I would probably say that 4 projectors would be my limit though to use with QLab, any more than that and I would look at a media server that would allow you to have more inputs and outputs. And a media server is built to handle multiple High Definition video sources.


----------



## Grog12 (Jan 24, 2013)

I've done this successfully using Keynote and digital zoom on high end projectors.


----------



## dbaxter (Jan 24, 2013)

Unless you are using a strong computer (I5 or greater) and a more powerful video card than I know about, I would be suspect driving more than 2 projectors plus the main monitor with one computer. You will probably need to network in a second computer to do the four images. We drove 6 separate images for our production of Tommy. Here is a uTube link. Disclosure - we were using Cue Player software and three computers. You may PM me for more details.


----------



## ruinexplorer (Jan 25, 2013)

Do you already have some of the equipment or do you still need to acquire it? Do you have a budget in mind for this project? I am assuming that it will be rather low since you are using basic flats instead of screens.

In general, a desktop will be better than a laptop. Qlab is a good option for control since it has a rather inexpensive rental option, but it requires that you use Mac computers.


----------



## Brandofhawk (Jan 25, 2013)

My thoughts on projections:
Projections seem like it could be a very cheap way to do things, but there is a lot of headache involved so you have to weigh the pain/trouble/time against the cheapness of doing it. Especially if it is your only scenic element, because what happens when the projections go down? (Depending on the stability of the system, it can happen all the time or never). Make sure you think through projections well before your tech. (And it seems you are!  , but this is just the tip of the iceberg). If it is your first time doing projection for theatrical purposes, than I suggest you start working on the system now to try and head off any potential problems. 

Determine what you may need/want the projections to do, so you can figure out how to make it do all those things. 
Do you want video playing in the background?
Do you want static images?
Do you want a combination?
How does the different Media shift between the two?
Is it a hit play at the beginning? Or do you need cues to change on cue? 
And many more...

Each of these questions opens and closes options to what the system you need to build.



My advice is look into systems where you can control what is being displayed and when. Hippotizer and Watchout and Qlab (professional license) are three programs which I personally know of for displaying on multiple screens with advanced capabilities. Powerpoint would let you control one screen from one computer with limited control. 


So In college we used Dataton's Watchout system. It works pretty good, but to be able to use it can be pretty expensive (to buy). 

Dataton | www.dataton.com
Green Hippo - The worlds best solution for realtime video playback on events worldwide
Figure 53 | QLab | Live Show Control for Mac OS X

Good news is, you can rent it from companies and they may have technicians to send out or call if you don't know what is going on and it may better fit your budgets. Look on their website, and you can find a list of places to buy / rent it.

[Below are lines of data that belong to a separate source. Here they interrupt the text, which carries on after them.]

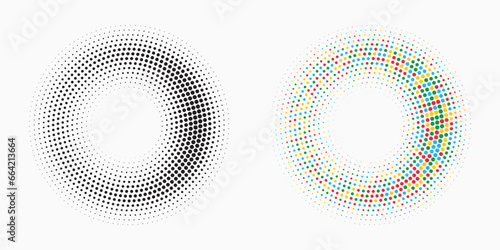 Circular dot frame. Abstract halftone dots pattern. Random color dot lattice. Boarder for design prints. Geometric frames. Round small shape. Bight color ring. Vector illustration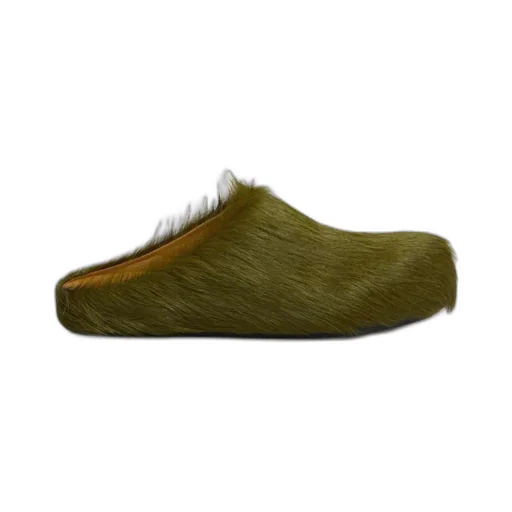 Deep Green Long Hair Calfskin Fussbett Sabot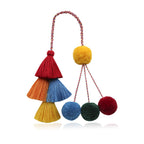 Woven Boho Ball Tassel Keychain K1258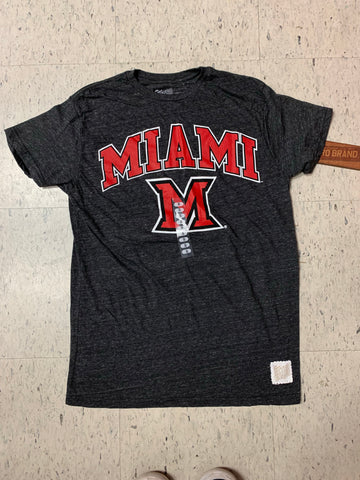 Miami Redhawks Adult Retro Brand Gray Shirt
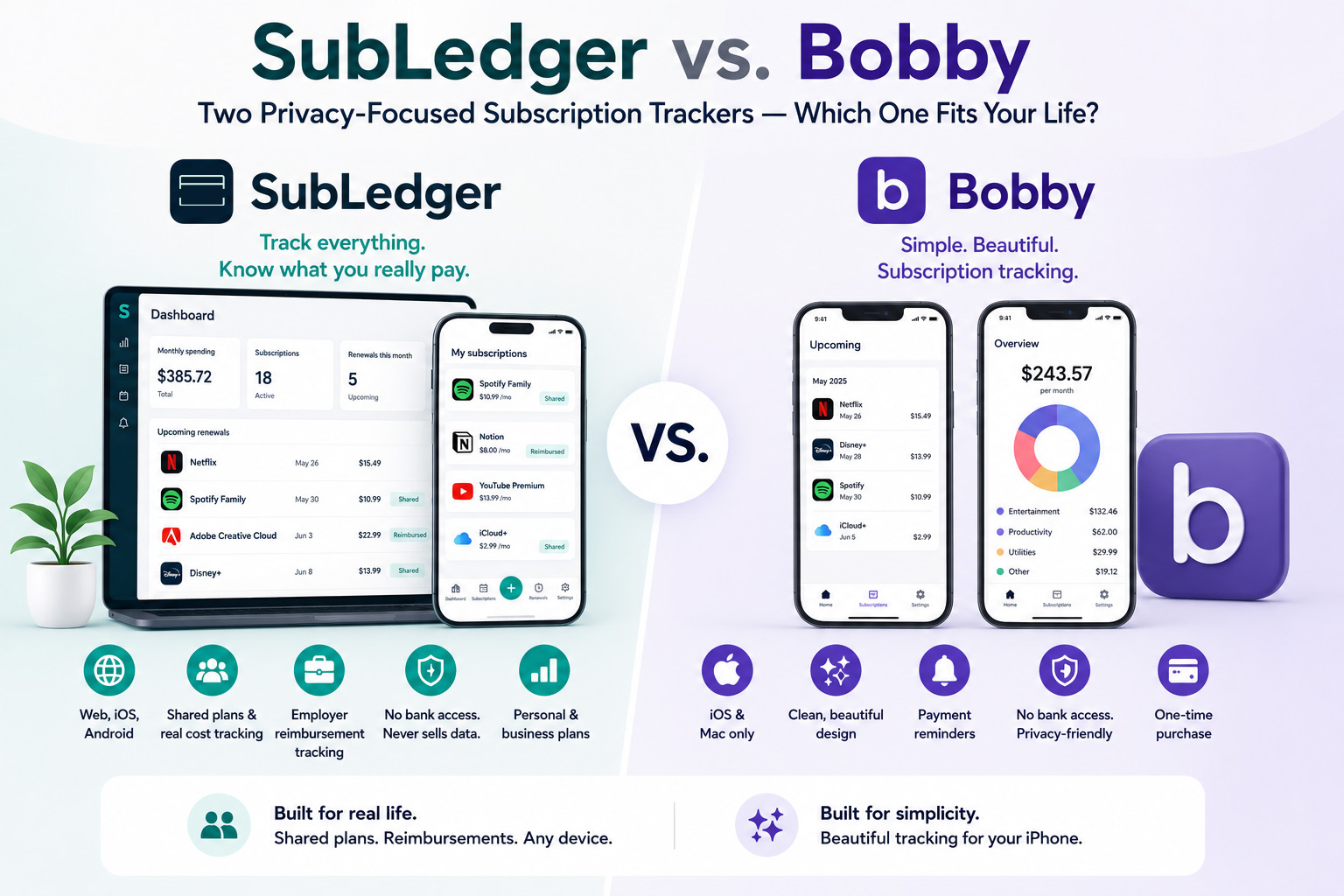 SubLedger vs Bobby comparison - two privacy-focused subscription trackers, which one fits your life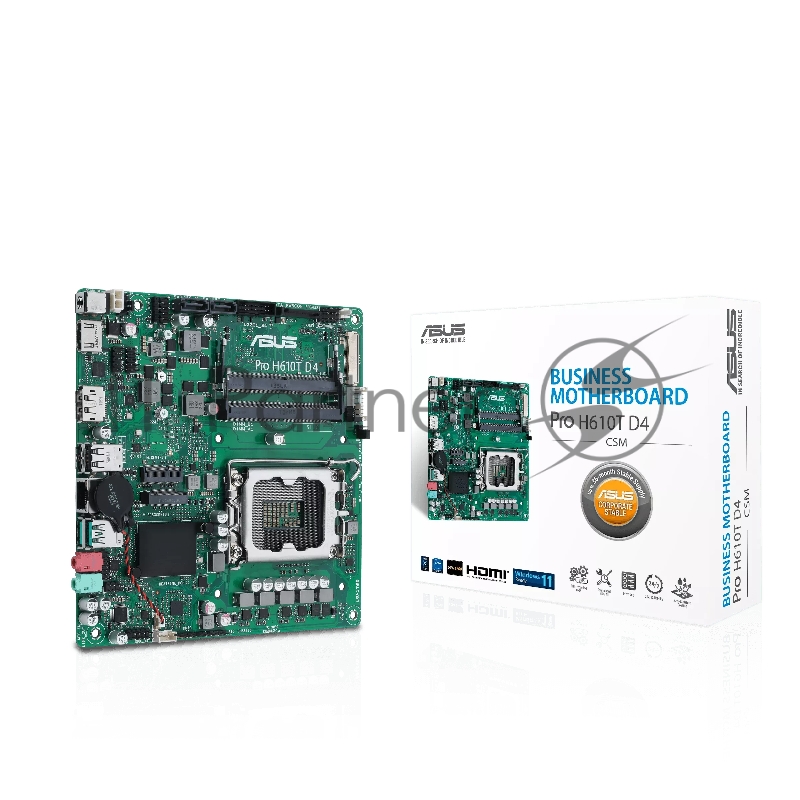 Материнская плата ASUS Pro H610T D4-CSM, LGA1700, Intel H610, 2xDDR4 SO-DIMM, 2xSATA, 1xM.2 PCIe 4.0, 1xDisplayPort, 1xHDMI, 1x 1Gb LAN, 2xUSB 3.2 Gen 2, 2xUSB 2.0, 2x3.5 мм, 7.1, mini-ITX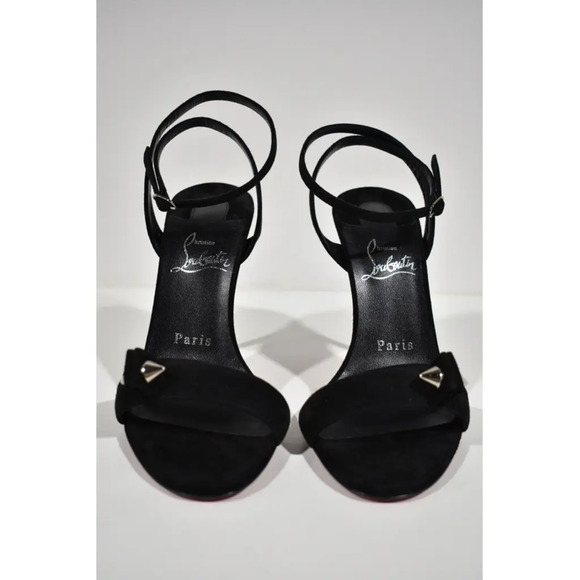 Christian Louboutin Umberta 100 Black Suede Ankle Strap Sandal Heel Pump 41 - Picture 6 of 12
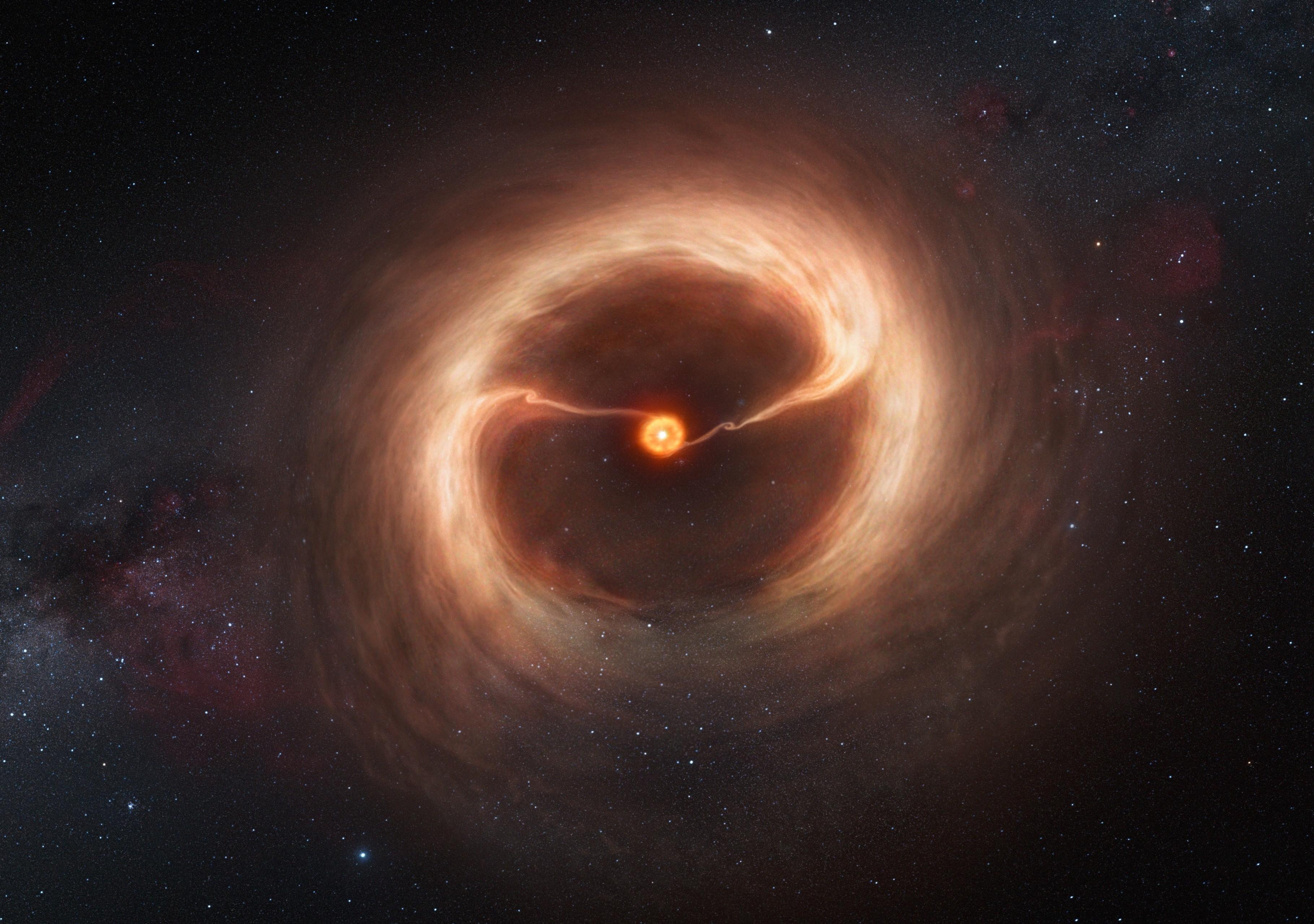 stars, universe, circles, black hole Image for desktop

I don't mean to sound discouraging or anything of the sort. I'm just trying to start you thinking about all the variables for your production to have as little headache as possible. It probably also sounds very negative because I am currently working on a production where 3 days before opening they came and said "so we want to do projections" and didn't think about how to control the media to look seamless on the projector... resulting in this late night, the night before opening. I would personally love it if you did this and then showed us some images of the production, because projected media is the newest kid in town (stealing lighting's thunder). 

As for placement of the projectors, there are a lot of options. You can rear project, or front project. You can mount them on their sides to make a portrait or keep them straight on to make them landscape. you can mount them from the ceiling, or place them on the floor. You also will need to figure out which projectors you are using and their throw distances and how bright they are going to be when you have stage light on your actors bouncing back onto those white walls. Projection Calculator Pro - Projector to Screen Distance This website will let you know the answer to some of those questions.

I also will offer up my advice and help as far as I can give it with my knowledge of projections and my ridiculous questions of abstractness / troubleshooting. 

So you know where I am coming from, I have worked with computers my entire life, and have been working with projections in theater at school for the past 3 years. I've worked on productions varying from 1 projector running powerpoint, to a 6 projector, 6 live feed cameras, traveling via Ethernet across two different spaces (3 live vid from one space, and 3 live vid back. Sound also sent between the two... it was quite a headache).


----------